They all want to do something to stem the tide of students switching schools just to find a sports program more to their liking – or, more often, that of their parents.

The latest idea might at least slow it down a little.  But it’s caught up in the “let’s talk about it some more” phase of development.

The Arizona Interscholastic Association is considering a new wrinkle in the playbook that would put a distance qualifier on the rule requiring an athlete to sit out a year following a transfer to a new school.

That stipulation, which could be voted on at the September meeting of the AIA Legislative Council, is still in the discussion phase – not to decide whether it’s needed, but to decide what the distance needs to be.

Consideration has apparently been given to anything from 10 or 15 miles to the entire state.  Something in the area of a 50-mile radius seems to be where the needle is pointing right now.
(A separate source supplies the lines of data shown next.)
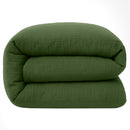 Housse De Couette - 100% Gaze De Coton Lavé - Vert Cèdre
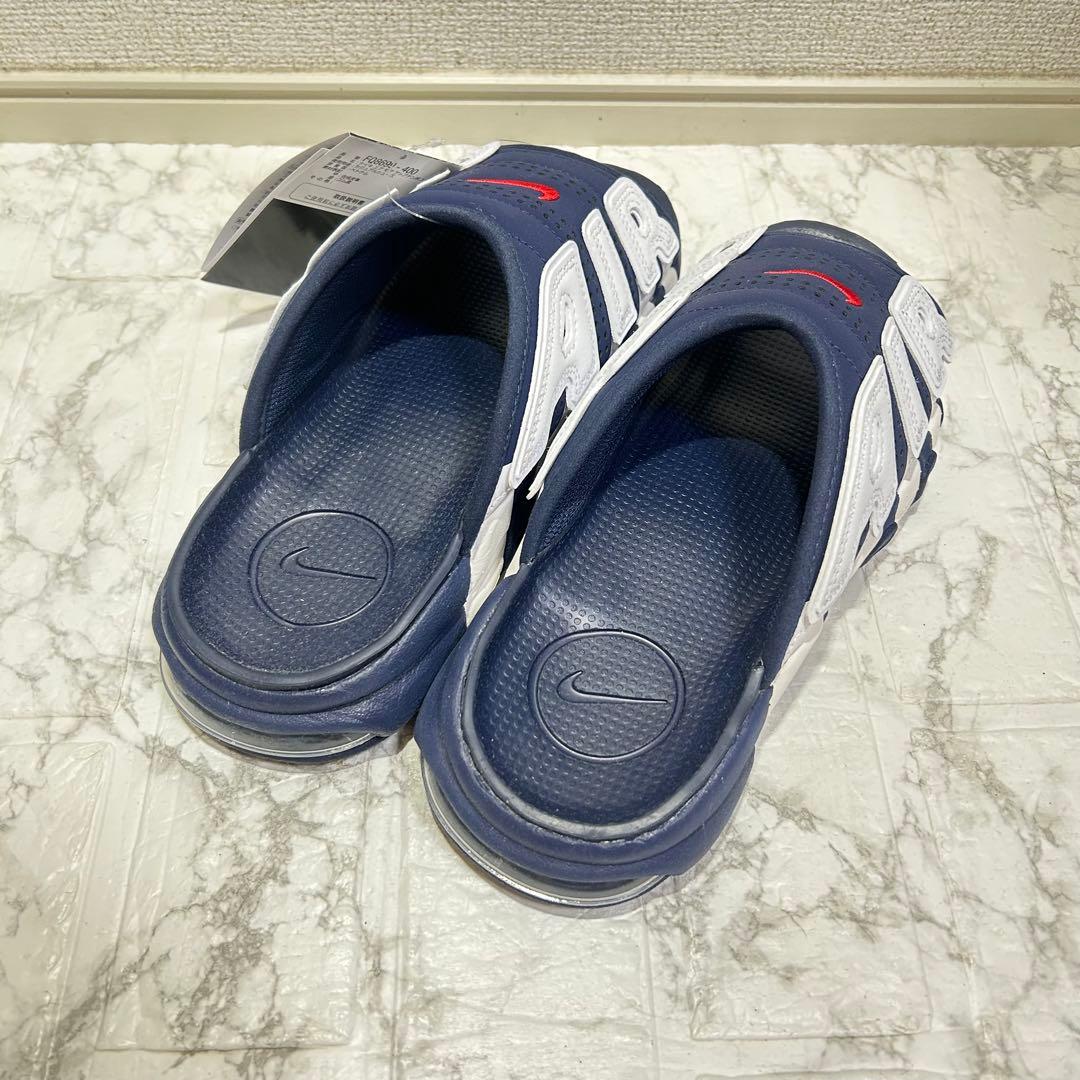 新品 未使用 ナイキエア モアアップテンポ ネイビー27cm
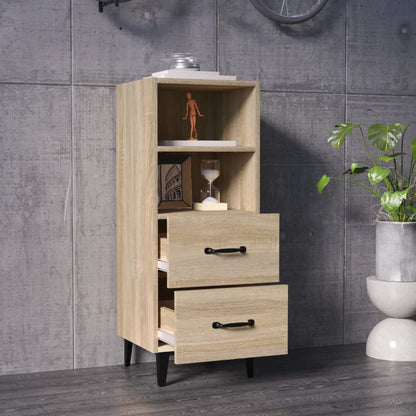 vidaXL Sideboard Sonoma Oak 34.5x34x90 cm Engineered Wood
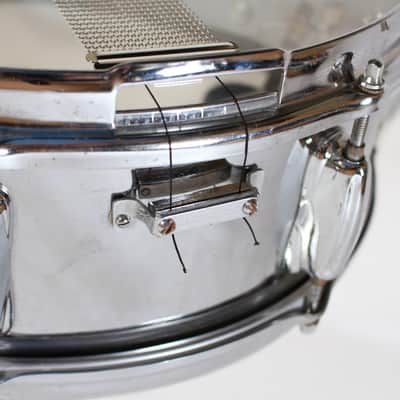 Vintage 70's Slingerland Model No. 141 Festival 5"x14" 8-Lug Chrome Over Steel Snare Drum image 11
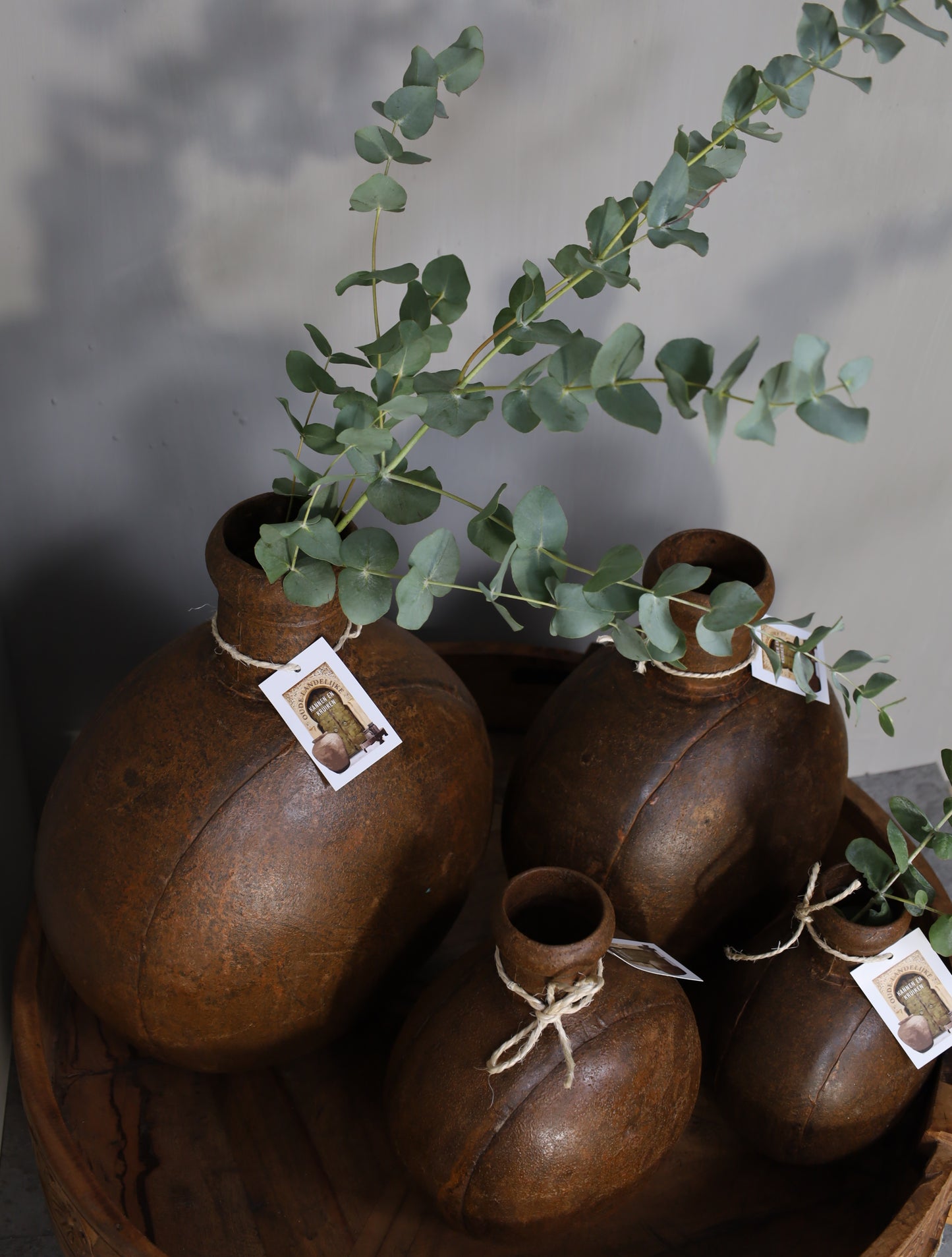 Roest kruikjes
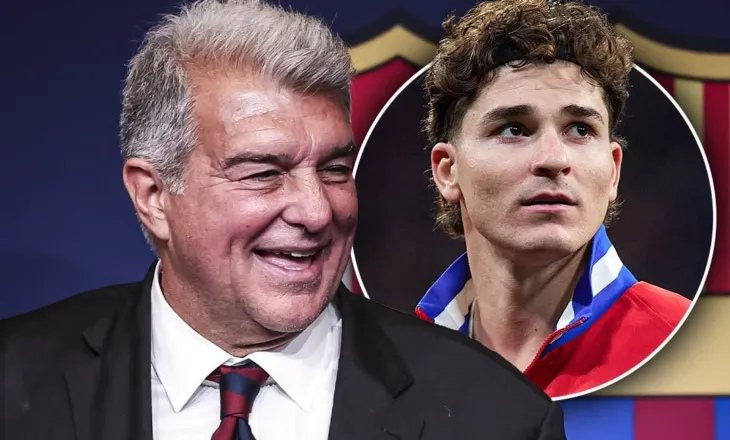 Laporta i dërgon mesazh Atletico Madridit për Julián Álvarez: “Nuk do të kërcejmë sipas muzikës së askujt”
This issue of high school athletes switching schools in search of a sports program that will provide them a better chance of playing, or playing at a higher level, is nothing new.  It’s most prevalent in the ‘major’ sports, football and basketball.
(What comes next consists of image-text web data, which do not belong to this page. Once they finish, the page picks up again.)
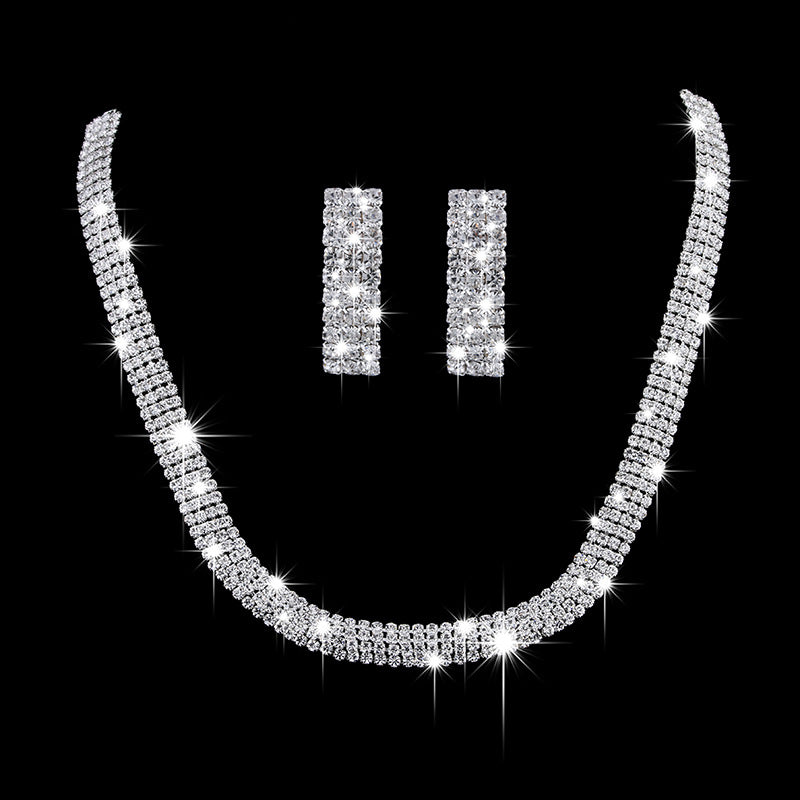 Classic Stylish Bridal Three-piece Fashion Tassel Necklaces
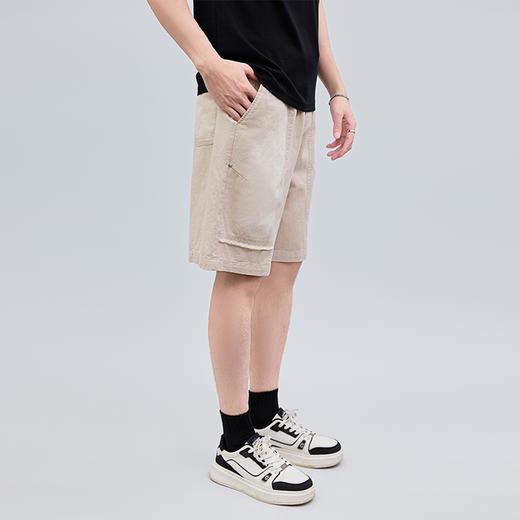 【新品上新】HX 夏季工装休闲五分裤纯棉S206522086101 商品图1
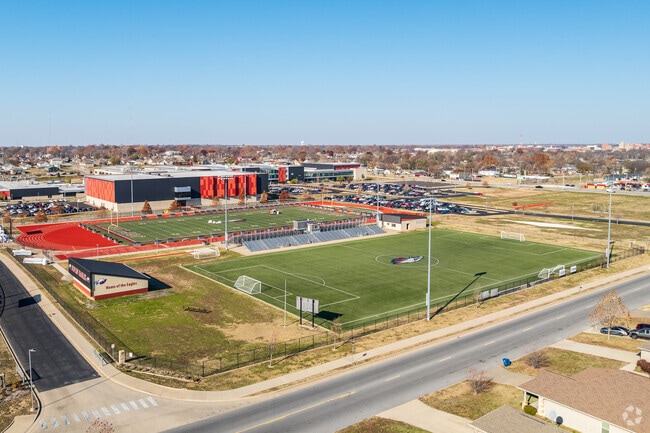 Joplin High School is home to the Eagles.
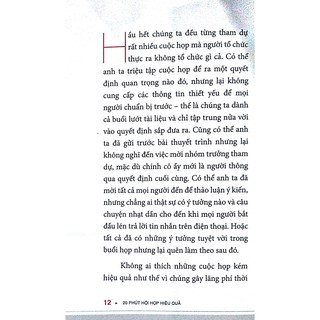 Sách - 20 Phút Hội Họp Hiệu Quả (Trong bộ 20 phút)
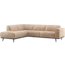 Woood Statement Hoekbank Links Chenille Velvet Perzikroze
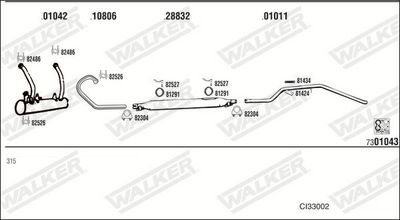 Изпускателна система WALKER CI33002
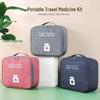 Portable Student Dorm First Aid Kit and Medicine Travel Bag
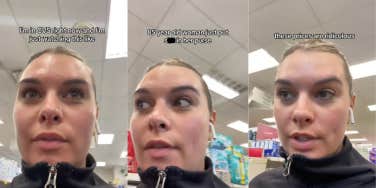 tiktoker watching elderly person shoplift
But it has become somewhat of an epidemic in recent years, frustrating those coaches that lose a quality athlete while they’re trying to improve their own program.  According to an AIA spokesman, the organization is fielding calls about transfer eligibility on a daily basis.

And, hopefully, these guys have better things to do with their time.
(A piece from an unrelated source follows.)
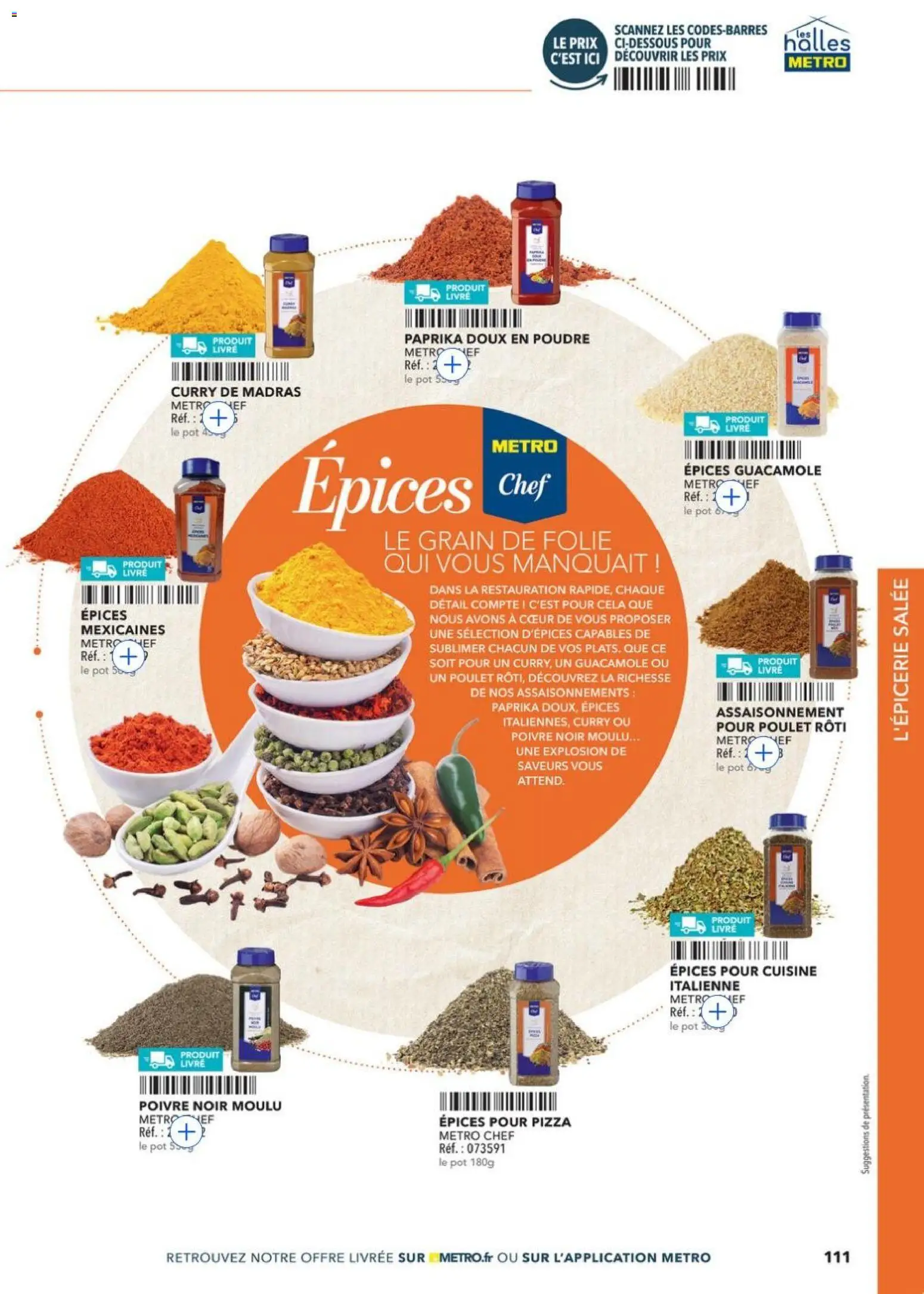 {H1} | Page: 111 | Produits: Poudre, Guacamole, Pizza, Livre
Arizona certainly isn’t the only state faced with the problem.  Each state generally finds its own solution.  The AIA says it is using an idea being tested in Ohio.

But other states are testing their own ideas.

West Virginia is keeping it simple.  Their high school sports governing body just passed a new transfer rule that says every student is allowed one transfer after he/she completes the ninth grade, without penalty.

In Florida, they took another approach.  Legislators there actually passed a law that was designed to make it easier for student-athletes to keep their eligibility when transferring, and put a heavier burden on the schools and coaches to police the activity.

The law, passed in April, takes away much of the power of the Florida High School Athletic Association when it comes to regulating transfers, putting it instead in the hands of the school districts and county government.

And the California association has had enough hassle over transfers and just threw in the towel.  Those in charge in the land of the laid-back have opted for the nuclear option.

The California Interscholastic Federation (CIF) used to have a rule similar to Arizona, requiring the transferring student to sit out a year after the move.  But there were so many transfer requests each year that the organization was reportedly spending almost $3 million on legal fees and liability insurance just over the past three years – not to mention the hours that were being spent reviewing each application for a hardship waiver, as parents tried to run an end-around the rules.

So, the CIF approved a measure in May that enables transferring athletes to be able to compete after sitting out just 30 days, instead of the full year.

They just opened the flood gates for the parents who are using the high school experience as primarily a helping hand to a college athletic scholarship.  Remember when being loyal to your school meant something? Didn’t the Beach Boys even write a song about it?

So now, the California high schools that have the programs with the best facilities and biggest budgets are happy because their ‘recruiting’ efforts just got a lot easier.  But the coaches who have been trying to build solid programs from the ground up at the other schools will suffer, as their best players get lured away before they get to their senior season, the time when they could really help the program become successful.

So, by comparison, the Arizona dilemma seems idyllic by comparison.  All the AIA has to do is come up with a decision on how far away the student has to move before he/she gets outside the penalty box.

However, like most things that are decided by committee, it doesn’t sound like this decision is going to be finalized any time soon.  If it doesn’t get on the September agenda, it would have to wait until the Legislative Council meets again in March – which means it wouldn’t be implemented until some time next summer.

And that appears to be the preference of AIA Executive Director Harold Slemmer.  He told the East Valley Tribune‘s Mark Heller that he would prefer it take effect July 1, 2013, when the AIA begins the next calendar year and most of the transfers will be taking place.

“Let’s give the membership plenty of time to think about it and adjust,” he said in the Trib article, “and not rush anything.”

C’mon, people, let’s just pick a number.  It can’t be that hard.

Hey, in less time than this, California was able to stage a complete train wreck.